Imagine you’re building thousands of rocket engines and spending billions of dollars on a quest to make humanity a multi-planetary species. If your manufacturing process isn’t as efficient as possible, you’ll run out of money before you get there. You probably need to optimise this process like crazy right? So why don’t we see if we can optimise our software in the same way…
(please ignore the fact that nobody needs to manufacture software, that’s why it’s called software not hardware, just bear with me)
In a recent interview, Elon Musk talked about how manufacturing was underrated and was the most difficult problem SpaceX had to solve.
“10,000% more work goes into the production system than the thing itself.”
“The amount of effort that goes into the design rounds down to zero relative to the amount of effort that goes into the manufacturing system.”
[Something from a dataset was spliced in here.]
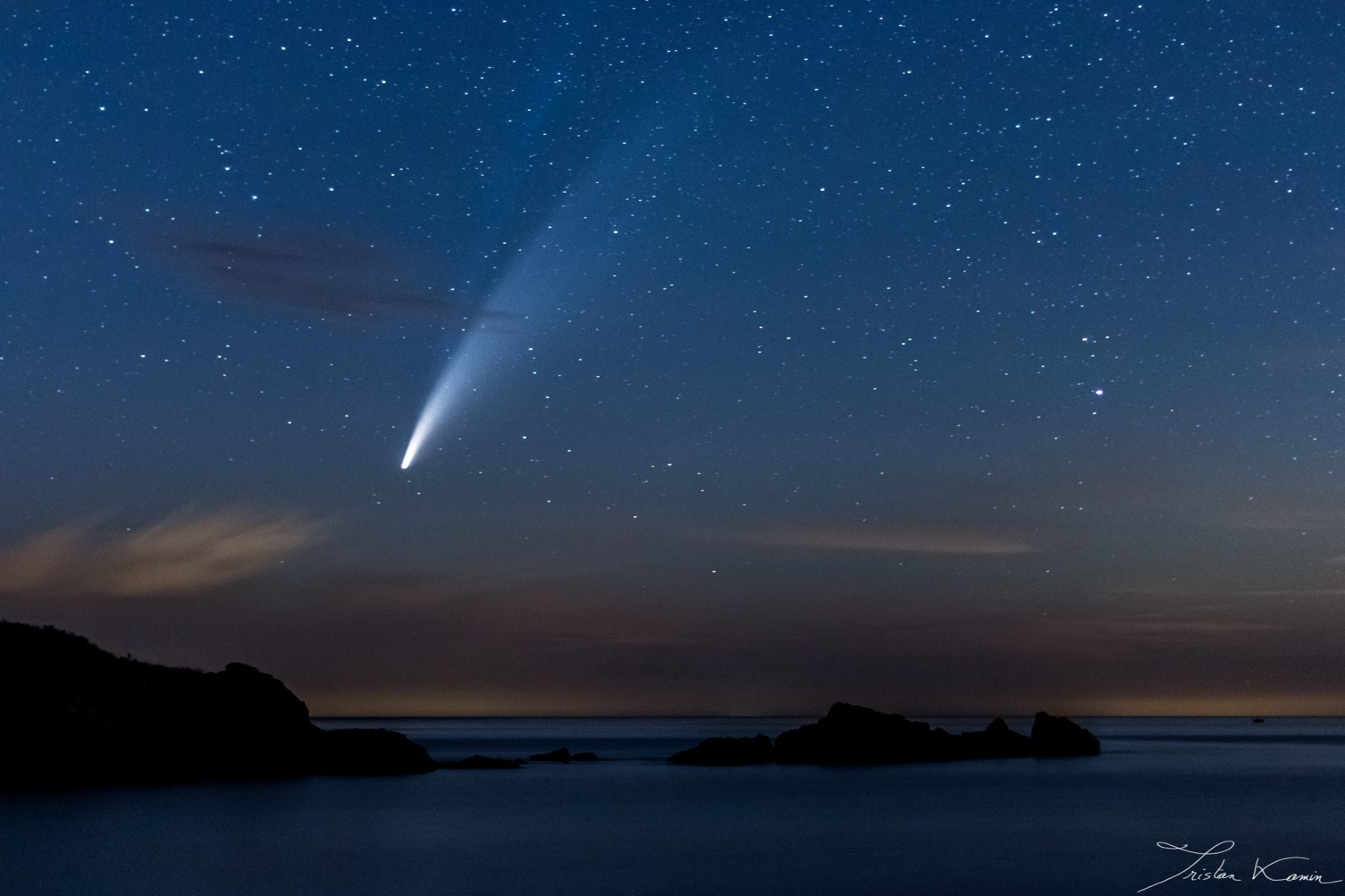 Photographie du bord et mer, l'eau lissée par le temps de pose est découpée par la silhouette de rochers émergents. Le ciel est chargé de nuages orangés proches de l'horizon mais, au-dessus des nuages, au milieu d'un ciel riche en étoiles, une imposante comète déchire le ciel. La deuxième queue de la comète est légèrement distinguable.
He went on to describe 5 steps used to optimise engineering for manufacturing, which emerged from the many successes and mistakes of rocket programs and Teslas in the past:
1. Make the requirements less dumb
The requirements are definitely dumb; it does not matter who gave them to you. Therefore, requirements get challenged, which allows for out-of-the-box thinking (see Cybertruck).
“Everyone’s wrong. No matter who you are, everyone is wrong some of the time.”
“All designs are wrong, it’s just a matter of how wrong.”
He also states that specific people should own requirements, not departments, so that they can be questioned much quicker.
2. Try very hard to delete the part or process
You can’t afford to add a part ‘just in case’. Musk encourages deleting as many parts as much as possible, even if you end up adding some back later.
“If you’re not occasionally adding things back in, you’re not deleting enough.”
3. Simplify and optimise the design
This step comes third, not first, for good reason. The critical point of this whole process is to not do this step until you’re absolutely sure it’s needed before you start wasting your time.
“The most common error of a smart engineer is to optimize something that should not exist.”
Elon stressed the importance of an engineer understanding the whole system to avoid optimising the wrong thing. He revealed that SpaceX engineers had made the mistake of putting enormous amounts of effort into reducing the weight of engine components, but not the weight of unused fuel, despite them being equivalent.
4. Accelerate cycle time
Here’s where you start to find issues, and have a chance to fix them before it’s too late. It’s like learning to run before you run a marathon.
“You’re moving too slowly, go faster! But don’t go faster until you’ve worked on the other three things first.”
Why is this separate from the fourth step? Because this assumes you wait until any and all issues have been found before removing all humans from the process.
It would be hugely costly to try to automate something that was overly complicated or wasn’t needed.
This is also the point where you should aim to remove in-process testing for parts that can be produced reliably. Musk states that a tester could be creating a choke point, and will always have some have false negatives.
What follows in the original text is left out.